Exercise data START

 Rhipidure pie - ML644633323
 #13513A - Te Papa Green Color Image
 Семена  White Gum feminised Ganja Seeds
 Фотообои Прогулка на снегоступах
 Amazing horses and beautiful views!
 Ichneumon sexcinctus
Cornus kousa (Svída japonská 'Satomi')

Exercise data END
Exercise data START

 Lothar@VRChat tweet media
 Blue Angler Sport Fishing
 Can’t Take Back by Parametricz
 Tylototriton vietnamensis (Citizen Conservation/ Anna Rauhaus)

Exercise data END

What you should do: Could you restate word for word the lines above, from the one that contains "#13513A - Te Papa Green Color Image" through the one that contains "Cornus kousa (Svída japonská 'Satomi')", and no others?

Written answer:
 #13513A - Te Papa Green Color Image
 Семена  White Gum feminised Ganja Seeds
 Фотообои Прогулка на снегоступах
 Amazing horses and beautiful views!
 Ichneumon sexcinctus
Cornus kousa (Svída japonská 'Satomi')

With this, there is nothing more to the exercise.